Expressionismo Imaginário seria um movimento artístico em que o pensamento serviria como suporte para as obras. Em vez de tela, argila ou filme, a obra seria a ideia em si, sem a sua execução. Entretanto, para viabilizar a sua comercialização, a arte no Expressionismo Imaginário seria materializada na forma de um certificado assinado pelo artista.
O Expressionismo Imaginário nunca existiu. É fruto da minha imaginação como escritor e faz parte de um conto no livro “Depois que o tempo passar, Madalena”, publicado em 2016 pela editora 7Letras. O conto é carregado de sarcasmo, e o citado movimento era uma farsa. Porém, existiu de verdade um movimento bastante próximo disso, chamado de Arte Conceitual, explorando justamente a fronteira entre a nossa imaginação e a materialidade da obra.
A arte em NFTs, que foi uma febre nos últimos anos, também traz à tona uma discussão interessante sobre posse da obra de arte, que neste caso existe não em pensamento, mas em formato digital. Pode ser um desenho, um meme, qualquer coisa. O que interessa é que a versão original é digital. Qualquer materialização, como a impressão da obra, por exemplo, passa a ser uma cópia.
O novo debate em arte é provocado pelo advento de ferramentas de inteligência artificial generativa, como ChatGPT, Midjourney e Dall-E, capazes de produzir conteúdo em texto e imagem a partir de solicitações do ser humano.
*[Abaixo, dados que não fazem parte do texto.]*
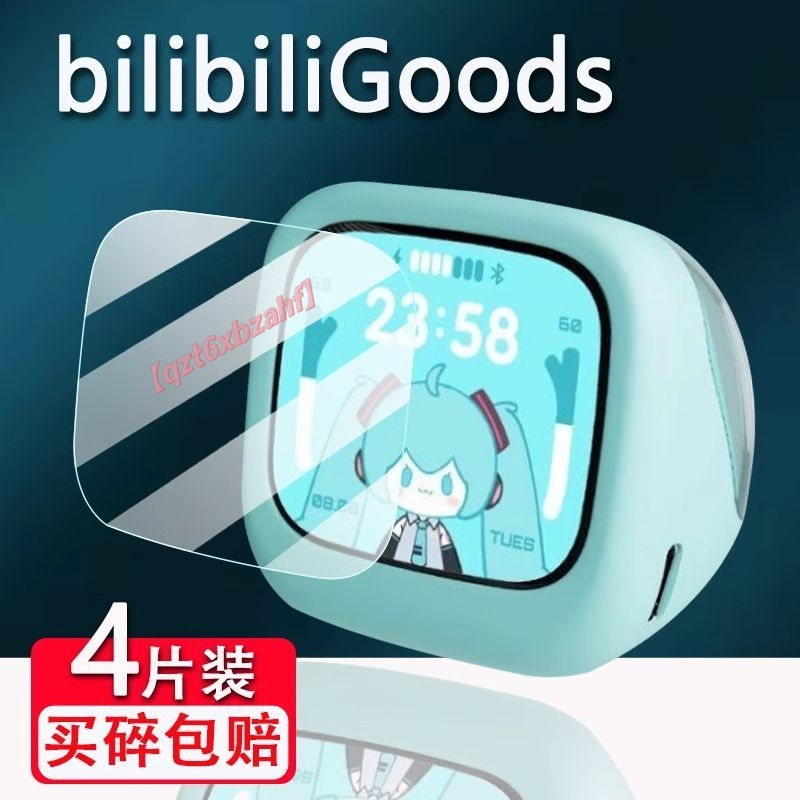 台現 免運🔥保護膜 初音耳機熒幕貼膜 bilibiliGoods貼膜 嗶哩嗶哩藍牙耳機保護膜CUBE FACE保護非鋼化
O ChatGPT pode criar poemas e contos. O Midjourney e o Dall-E, desenhos e fotografias. Não vou entrar no mérito da qualidade das obras. A discussão proposta aqui é sobre a autoria. Quem é o autor neste caso?
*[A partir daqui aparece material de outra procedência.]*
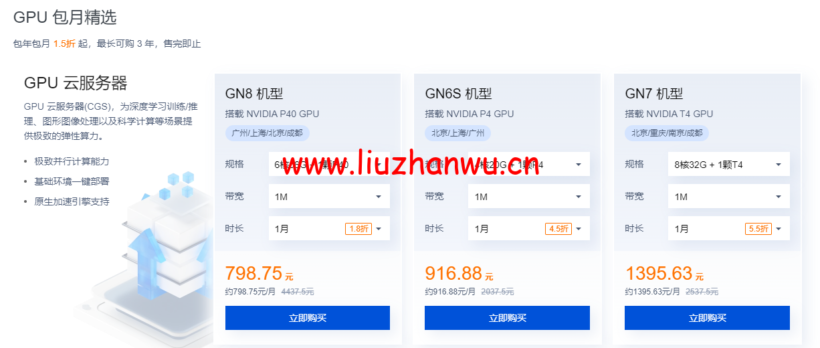 腾讯云:GPU云服务器特惠专场, AI加速,科学计算,实时渲染首选,让AI更有温度,体验身临其境!6核/56G内存/NVIDIA P40 GPU,798元/月 12 1649686285 QQ截图20220411220943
Para alguns, obras produzidas por IA não são arte. Ou, ainda que fossem arte, então o ser humano por trás da requisição não seria o autor. Eu discordo. Claro que a execução é importante, mas não existe arte sem que antes haja uma ideia. Ou, antes ainda, uma intenção de se fazer arte. A máquina não tem a ideia sozinha e, muito menos, a vontade de fazer arte. Por trás dela ainda está o artista.
Valorizar a intenção e a ideia em uma obra de arte não é algo tão novo assim. Pelo contrário: há muitas décadas grandes artistas se valem de assistentes para executarem suas obras. E não há nada de errado nisso. Eles continuam sendo os autores, pois são deles a intenção e a ideia. Há inclusive certas formas de arte em que contar com ajuda de terceiros para a sua execução não se trata de uma escolha, mas de uma necessidade. Na arquitetura, por exemplo, o arquiteto imagina e desenha como será um prédio, mas cabe ao engenheiro construir. No cinema, antes da filmagem, é feito um storyboard: o desenho em quadrinhos das cenas previamente imaginadas.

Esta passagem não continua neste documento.